The BRCA Is Everything
The Blockchain Regulatory Certainty Act, or BRCA, is a precisely crafted provision with bipartisan roots. Introduced by Senators Cynthia Lummis (R-Wyoming) and Ron Wyden (D-Oregon), it accomplishes one critical thing: it makes clear that software developers and infrastructure providers who don’t hold or control user funds are not classified as money transmitters under federal law. That’s all it does. It doesn’t weaken anti-money laundering laws. It doesn’t protect wrongdoers. It simply establishes a boundary that should have been self-evident from the beginning — that writing code is not the same as transmitting money.
Without the BRCA, developers of non-custodial software — the people who build wallets, protocols, and decentralized applications that millions of Americans already rely on — face potential criminal liability under Section 1960 of the federal criminal code. Not civil penalties. Not regulatory fines. Criminal prosecution simply for publishing software.
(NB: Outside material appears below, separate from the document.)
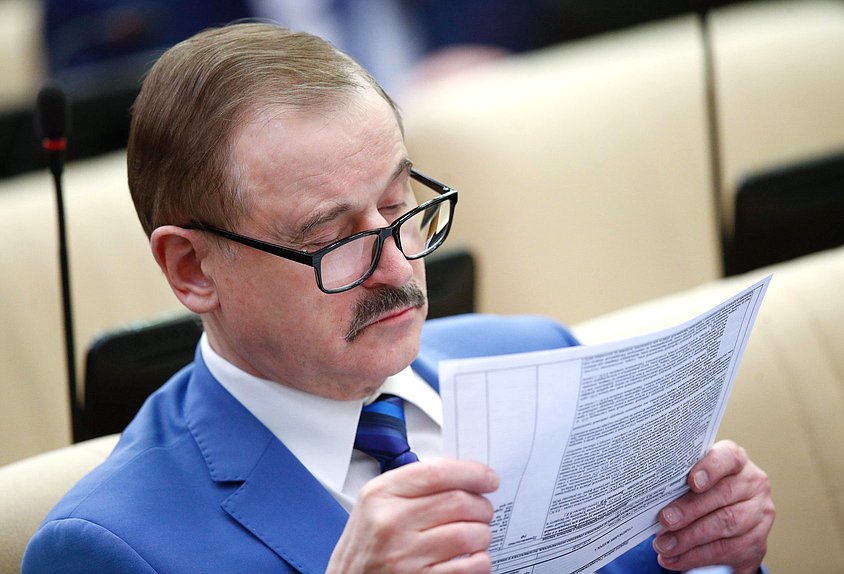 Член Комитета по транспорту и строительству Сергей Веремеенко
This isn’t a theoretical concern. We’ve already witnessed what “regulation by prosecution” looks like in practice. In 2025, the developers behind Tornado Cash and Samourai Wallet were criminally charged — not for personally laundering money, not for actively collaborating with criminals, but for writing and publishing code that others used in ways the government disapproved of. Keonne Rodriguez and William Lonergan Hill are now serving federal prison sentences following their convictions in proceedings that many viewed as show trials. Roman Storm is facing re-prosecution and could spend over a century behind bars. And all of this is happening despite standing DOJ guidance saying otherwise, a Treasury Department that recognizes the legitimate need for privacy tools and mixers, and an administration that claims to be “the most crypto-friendly” in history. No matter how you frame it, the message from federal prosecutors is clear: if you build non-custodial software in the United States, you do so at your own risk.
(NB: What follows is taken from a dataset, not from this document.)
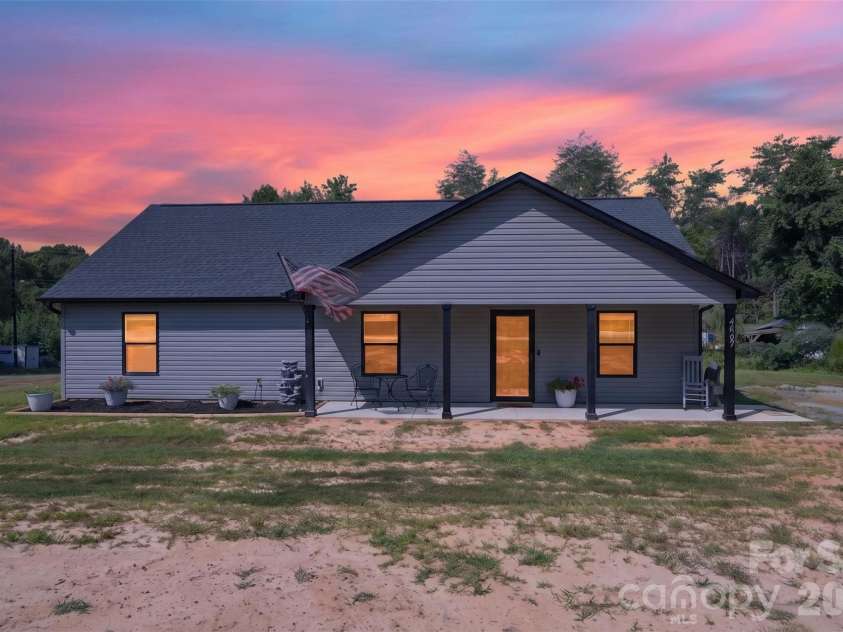 4807 Stratford Lane, Denver, NC 28037.  MLS# CAR4416446, YatesRealty ID 45764.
If the Senate CLARITY Act passes without strong BRCA protections, that message becomes official law. And the logical response from every developer, every startup, and every venture-backed crypto company in America will be the same: relocate.
This isn’t hyperbole. It’s an economic inevitability. No founder with competent legal advice would accept a regulatory framework where writing open-source code could send you to a federal prison depending on the political climate in Washington, D.C. Instead, they’ll set up shop in Singapore, Switzerland, the UAE — any jurisdiction that doesn’t treat software engineers like unlicensed money transmitters. A CLARITY Act without robust BRCA developer protections won’t just fail to provide clarity. It will speed up the very capital flight that Congress says it’s trying to stop.
Congress Could Strangle the Agentic Economy Before It Begins
The departure of developers would be devastating on its own. But the timing couldn’t be worse, because Congress risks suffocating a budding technological revolution that has the potential to drive meaningful GDP growth for decades: the agentic economy.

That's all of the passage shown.